Dereliction 1
- Joanne Morley-Hill
- Oct 20, 2024
- 3 min read
Updated: Dec 15, 2024

At first glance this image appears to be an abstract painting or mixed-media collage. But take a closer look, and you realise it’s a photograph.
Taken in 2016 by Patrick James Dilley, the image depicts the remnants of the old Queen Victoria Works in Brook St, Dundee.
The more you look, the more you see
The image itself consists of three main layers. We’re standing outside looking in through the building’s dark interior, and out again towards the light, as if looking through a tunnel. In the foreground, broken panes of glass or plastic-covered mesh create a layer of textured shapes in blues and browns. Together with an area of exposed stonework, these shapes act as a frame and, being out of focus, lead the eye inwards towards the centre.
In the second layer or mid-ground, the dark interior of the building is dappled with slivers of sunlight streaking through slats in the rotting roof.
As we come to the centre of the image, we see what appear to be strokes of thickly applied paint on canvas panels but are actually the peeling surface of an old interior wall, seen through the rusted bars of a broken window, and lit up by sunshine. The contrast between dark and light is stark.

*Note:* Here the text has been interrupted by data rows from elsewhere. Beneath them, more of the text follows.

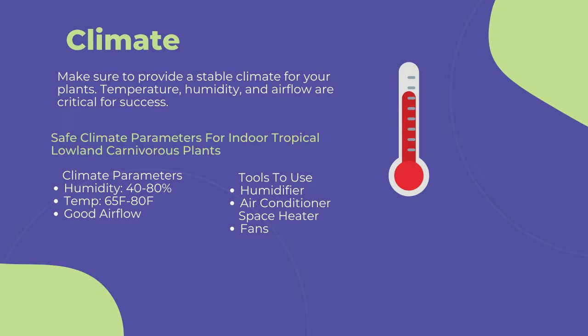The first and most important point to cultivating any carnivorous plant is climate — you need to provide a stable climate for long-term success. This includes temperature, humidity, and airflow. To maintain a stable climate of 40 to 80 percent humidity, 60 to 80 degrees Fahrenheit, and steady airflow, I suggest using a humidifier near your grow area to maintain humidity.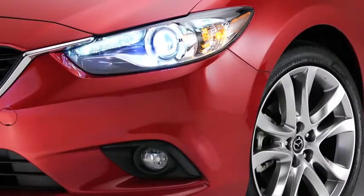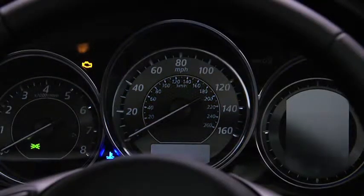When the parking lights or headlights are turned on, the instrument cluster illumination dims for better nighttime viewing.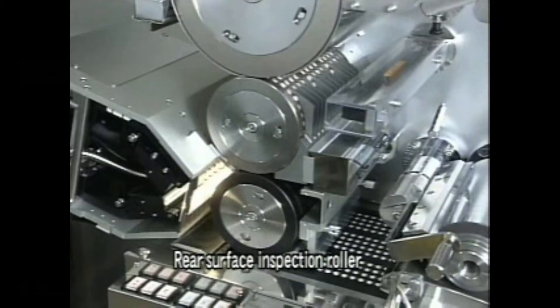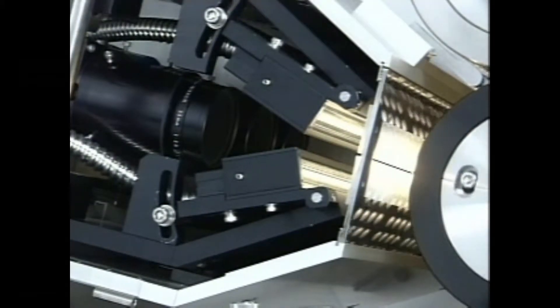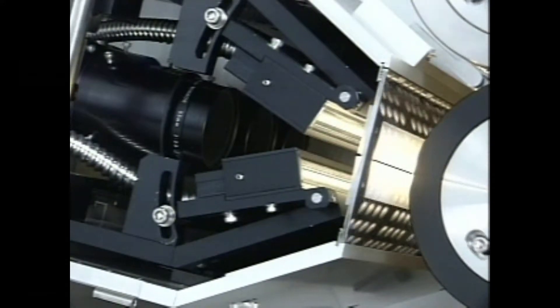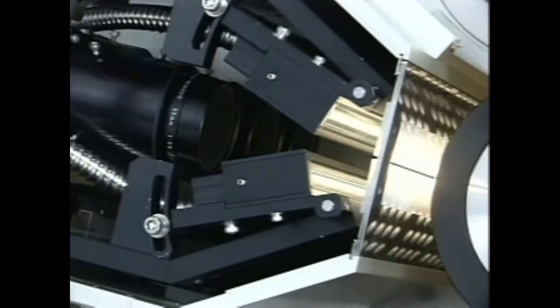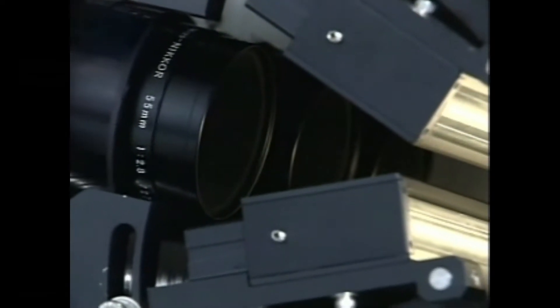The tablets are suctioned onto the rear surface inspection roller, and then the rear surface is checked using the 2048 Elements CCD line sensor camera. Direct viewing with the camera allows us to perform perfect inspection without any influence from prisms.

A black diagonal shape in the right half of the ‘panels’ could almost be an artist’s easel, though it’s more likely to be a mechanical pulley. And just to the right of the ‘easel’ we can even see the ‘artist’!
The overall effect is an optical illusion – a frame within a frame, a world within a world, a window to another dimension. It’s as if we’re looking back through the past to another time and place.
Dundee, past and present
The Victoria Works were built in 1834, at a time when Dundee formed the heart of a thriving jute industry. Still in operation in 1982, it was the world’s oldest functioning flax mill. Production eventually ceased in 1990 but plans to convert the site to housing failed to materialise, and the building fell into disrepair. The site became a target for vandals and graffiti artists until a fire in 2022 left the building no more than a ruin.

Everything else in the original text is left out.